The name Aare derives from the Indo-European syllable Aa, meaning “water.” There is even one small tributary of the Aare, the Aa which empties into the lower river. The Aare River rises in the Bernese Alps in the north-central part of Europe’s highest mountain range.
Pleistocene glaciation has interrupted the natural flow of the stream and dispersed lakes along its course. The glacially fed headwaters of the Aare pass through the scenic gorge of the Aareschlucht near Meiringen.

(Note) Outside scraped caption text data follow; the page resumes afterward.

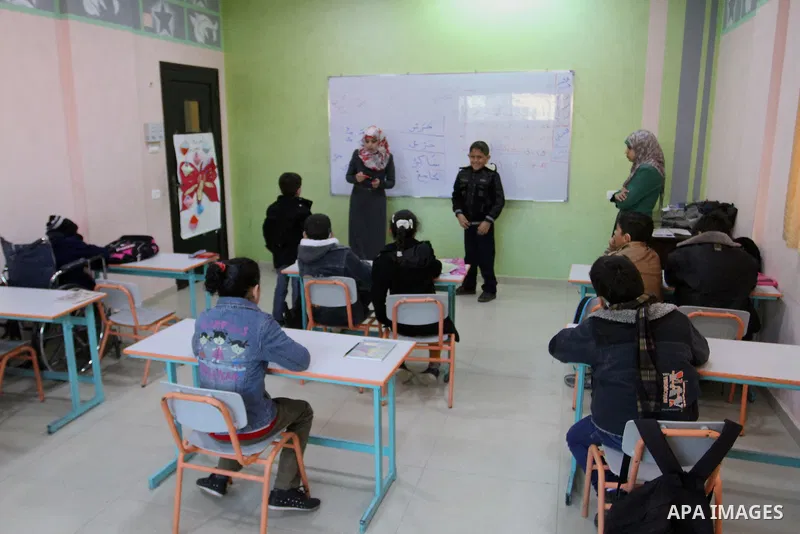 Deaf Palestinian children study in a foundation for rehabilitation deaf children, in Khan Younis in the southern Gaza Strip, January 18, 2015. There are approximately 25,000 deaf and hearing impaired people in the Gaza S...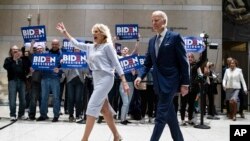 Democratic presidential candidate former Vice President Joe Biden, accompanied by his wife Jill, speaks to members of the press at the National Constitution Center in Philadelphia, March 10, 2020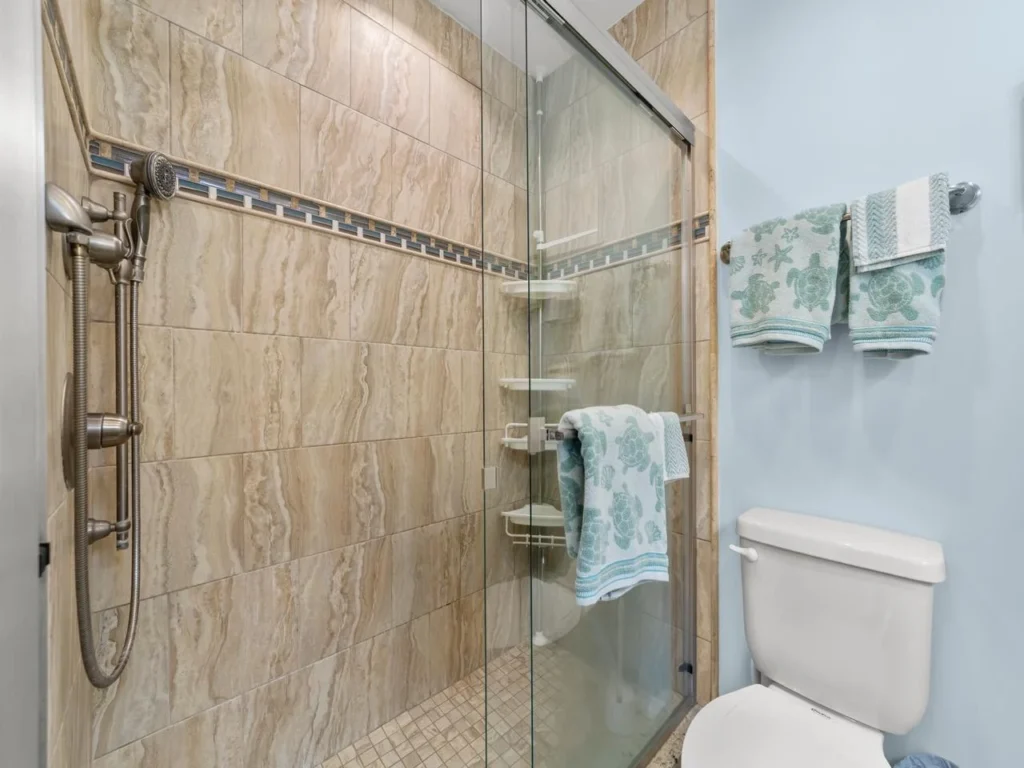 Spa-inspired bathroom with glass shower and modern fixtures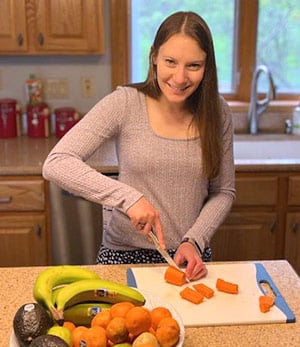 Kristen preparing something healthy and delicious in the kitchen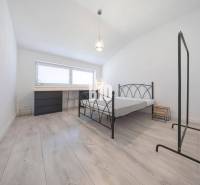 Ein Schlafzimmer mit einem Boden in Holzoptik und einem Bettgestell aus Metall in einer 3-Zimmer-Wohnung.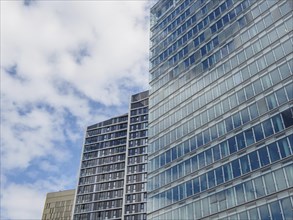 Close-up of modern skyscrapers in Luxembourg with glass facades under a slightly cloudy sky, modern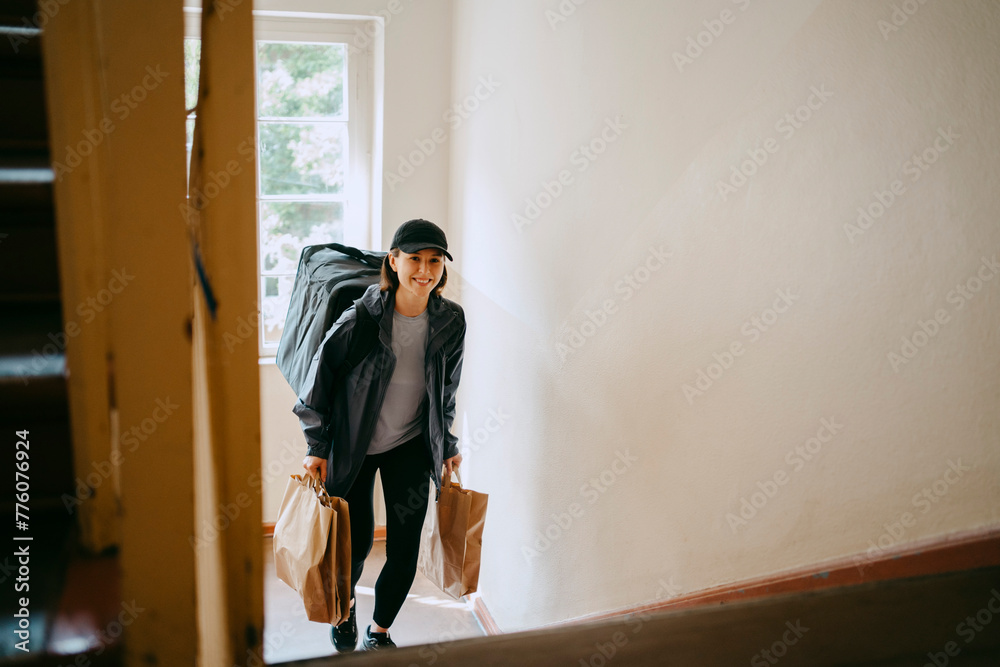 Smiling female delivery person holding bags and moving up on building staircase Smiling female delivery person holding bags and moving up on building staircase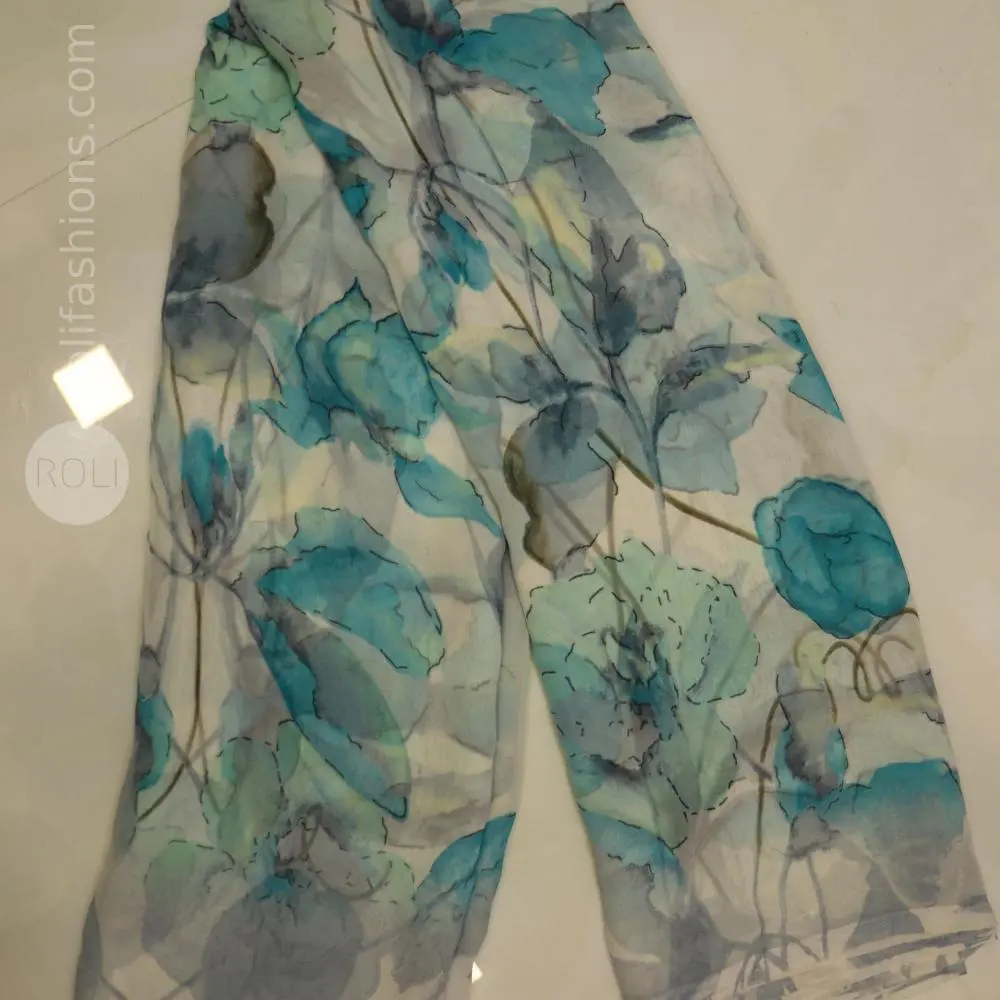 Different shades of blue flowers on a white base saree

The river runs generally westward through Lake Brienz in the direction of the resort town of Interlaken, where it is canalized. From there it passes through Lake Thun, the head of navigation. Continuing northwest the river loops around the city of Berne, the Swiss federal capital, the medieval core of which with its splendid town hall and elaborate clock tower is surrounded by a wide meander of the river. Past Berne, the river turns northeast and flows past the cities of Solothurn and Aarau before joining the upper Rhine River opposite the German city of Waldshut.
The lower river has been altered by human activity, with dams, canals, channelization, and reservoirs being constructed. There are more than 40 hydroelectric plants on Aara, and two canals join the river with Lake Biel in the western part of Switzerland.
For many, the Aare is the entrance way to Oberland. On the way north from the federal capital to the city of Thun, on the lake with the same name, there are delightful river scenes of meadows, forests, reed grasses, sedges, and backwaters, much of which has been well preserved today. Upon reaching the interconnected lakes of Thun and Brienz, the traveler is presented with dazzling views of Alpine peaks, including the 13,642-foot Jungfrau. The natural highlights of this portion of Switzerland are the high Aare, its cataracts, the passes to the south, and the surrounding peaks.